Also speaking, Barrister John Abum said: “Election petition is a very technical issue. It has its own unique procedure. For instance, if you want to prove criminal allegations, as a petitioner, you are expected to do certain things in order to prove your petition beyond reasonable doubt.
“So the whole problem is not with the petitioners. The problem is with the law. The law requires you to do extra to get judgment. Most at times it is very difficult in view of the timeframe and then the hurdles of getting materials from INEC and all those things.
“That is why some people even just draft it and file it before they now go for the materials. You make applications, you pay huge sums of money before they now issue you the materials.
“Now, before you come back to scrutinize the materials and then go back to your petition, you cannot amend. The law says you cannot amend petitions. So in that case your hands are tied. You have to just do with what you have filed and then you crash-land.
“So the problem is not with the petitioner per se. The problem is with the law. The law has pushed you to a very tight corner so that you cannot even punch very well.”
When asked: How come most of the election petitions filed are not succeeding at the Election Petitions Tribunals? Barrister John Matthew responded thus:
“Thank you very much. I think this is a very valid question and the concerns shared by the generality of the public is also a concern shared by most of us who are in legal practice particularly those of us who have been privileged to conduct matters before the election petition tribunal.
“The very unfortunate trend that has been the bane of cases before the election petitions tribunal is the misapplication of the law in respect to the requirements to establish a petition before the tribunal.
“Over time the apex court and some of our superior courts have laid down some principles of law in regards to the requirement for proof before the election petitions tribunal before a petitioner can succeed.

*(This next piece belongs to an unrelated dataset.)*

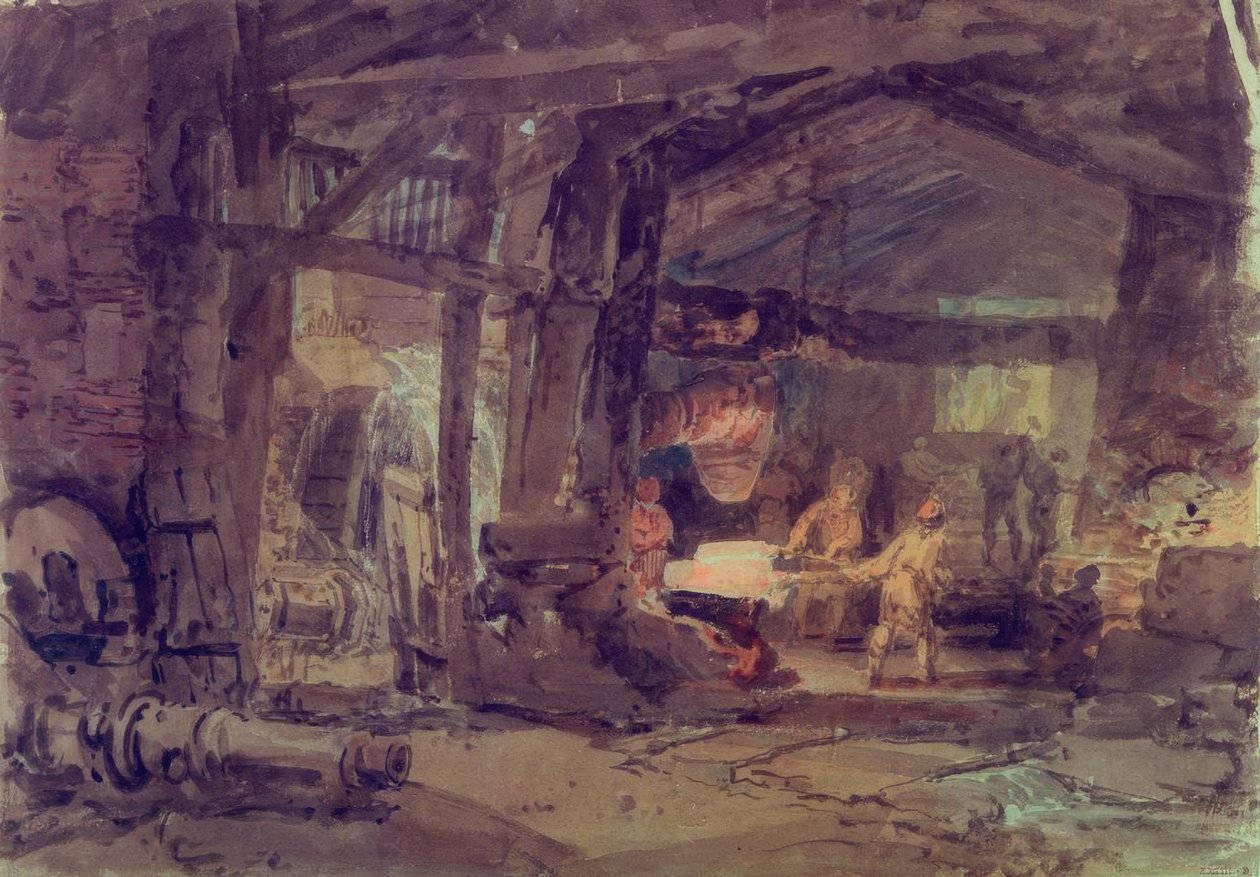 Das Innere einer Eisengießerei tekijältä Joseph Mallord William Turner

“And the tribunals and lower courts, in my opinion, have misapplied some of these principles with the resultant effect which is that they have made what is supposed to ordinarily be a simple task, very, very onerous task with very far reaching effects on our polity. And I will give you a classical example.

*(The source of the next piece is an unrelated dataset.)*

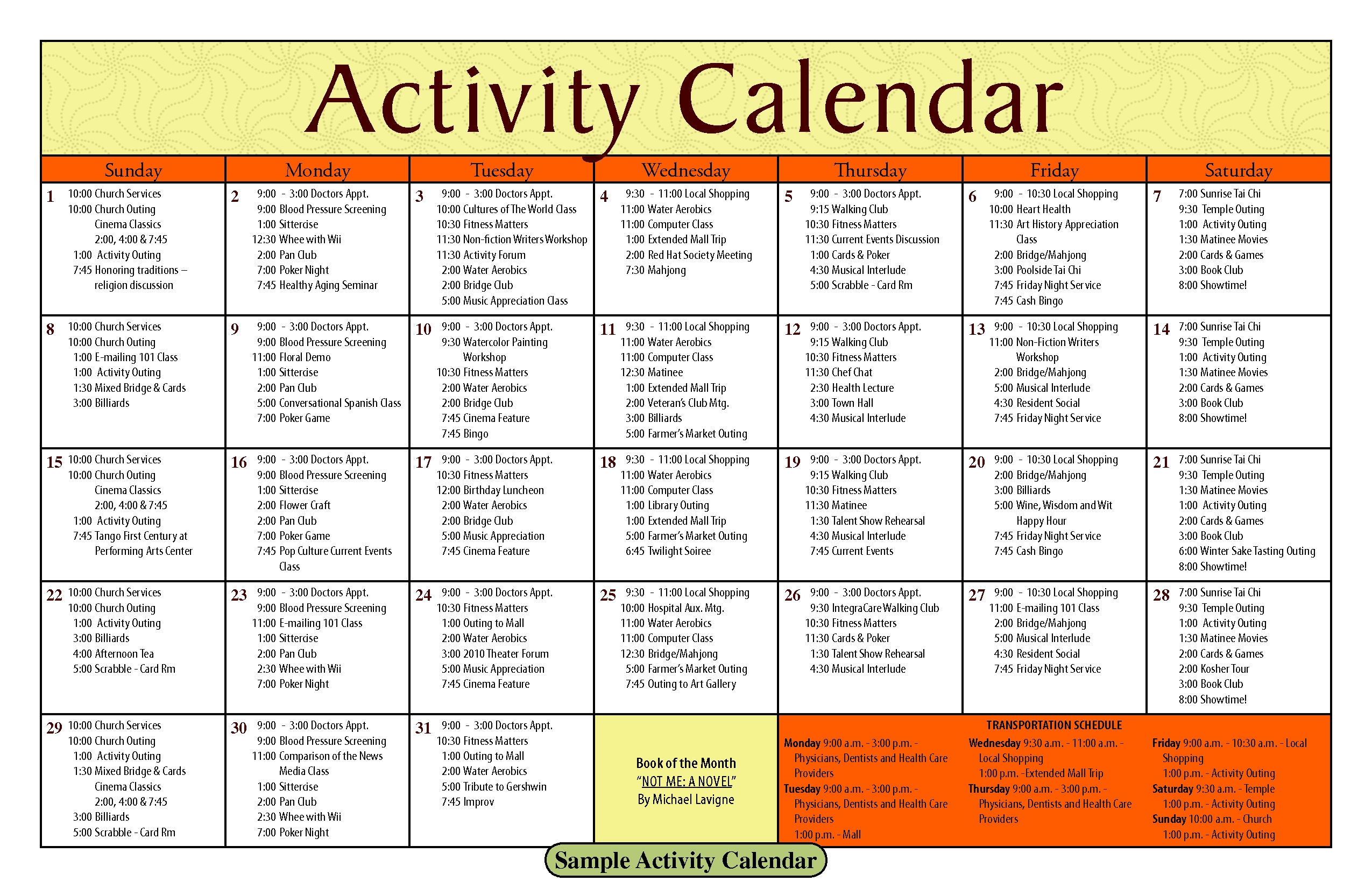 Image Result For Sample Calendar For Senior Activities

“It is a general principle of law that polling unit agents are the best witnesses of what transpired at polling units during the elections. And therefore, the evidence emanating from them is the best that you can offer in proof of any form of malfeasance at the polling unit. Now this general position ought to admit exceptions. Where a petitioner does not have complaints on misconduct of elections at the polling units. But his problem is that the votes as recorded at the polling units were not correctly entered at the subsequent levels of election, what is the basis of requiring that polling unit agents be called for proof of the conduct of elections at the polling units when you have no complaints about them.

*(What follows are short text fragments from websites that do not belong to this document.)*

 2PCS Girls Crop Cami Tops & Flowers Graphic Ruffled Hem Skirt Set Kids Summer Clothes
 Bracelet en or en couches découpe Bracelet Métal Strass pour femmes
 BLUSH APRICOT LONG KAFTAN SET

“In the last petitions that I handled, in one of the cases – I wouldn’t want to mention specific names – elections were duly conducted in all the 10 polling units of an electoral ward. The results of these 10 polling units were correctly entered in the ward summary. When it reached transferring the figures into the Local Government summaries, 1,000 votes were taken out of the votes of a particular political party. At the tribunal, the results of the polling units, that of the ward and that of the Local Government were all tendered to show at the stage where these votes were reduced. The agent of the Local Government was called to give evidence. The results were identified by the agent of the Local Government to show the reduction. At the ward level the votes were 1,117. At the Local Government collation centre ‘1’ was taken out leaving 117 thereby short-changing the party with 1,000 votes.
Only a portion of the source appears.